§ TASK OBJECTIVE:
Give back all of the data exactly, with every picture omitted.

§ SOURCE DATA:
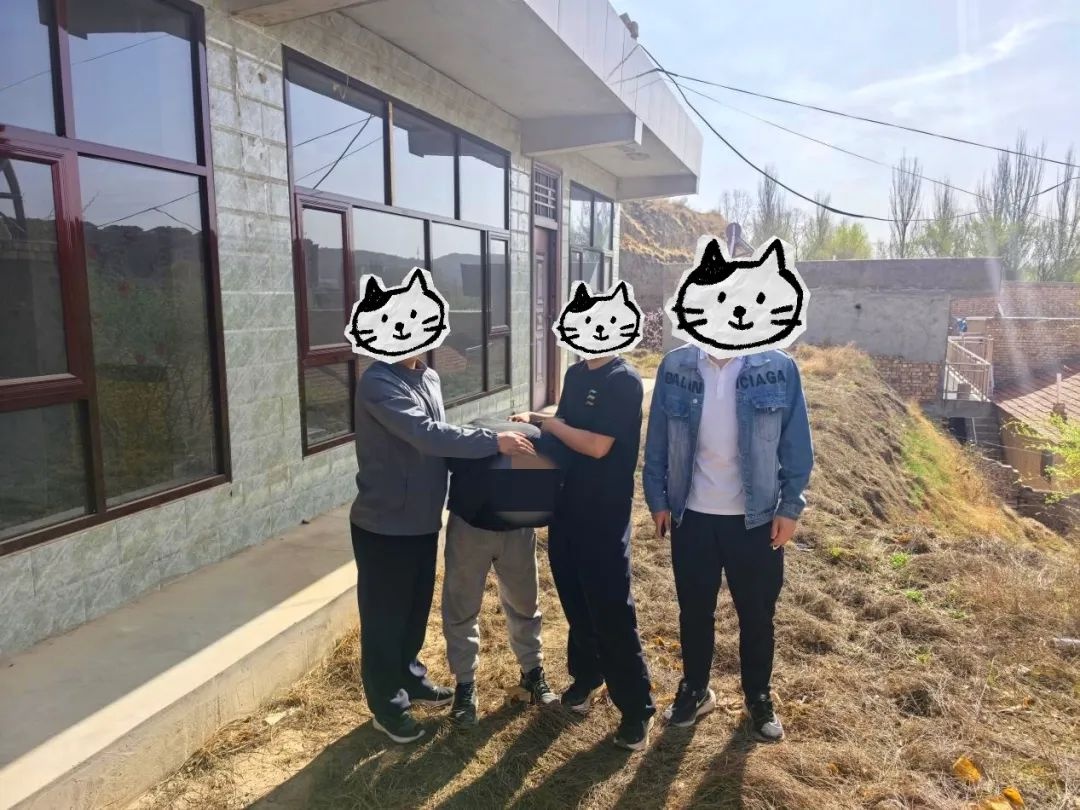 西吉县公安局破获盗窃案！入室偷金者落网，群众损失咋挽回的？  第3张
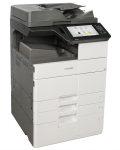 LEXMARK MX910DXE MONO LASER MFP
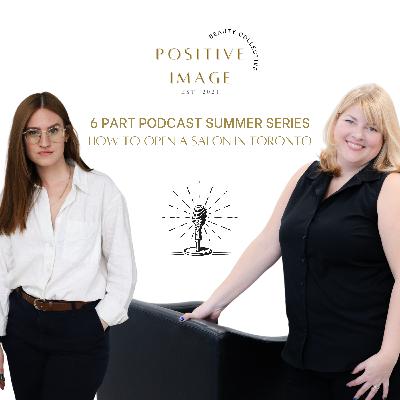 43 - Building a Brand That Books: Marketing Your Salon & Attracting Dream Clients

§ THE ANSWER:
 西吉县公安局破获盗窃案！入室偷金者落网，群众损失咋挽回的？  第3张
 LEXMARK MX910DXE MONO LASER MFP
 43 - Building a Brand That Books: Marketing Your Salon & Attracting Dream Clients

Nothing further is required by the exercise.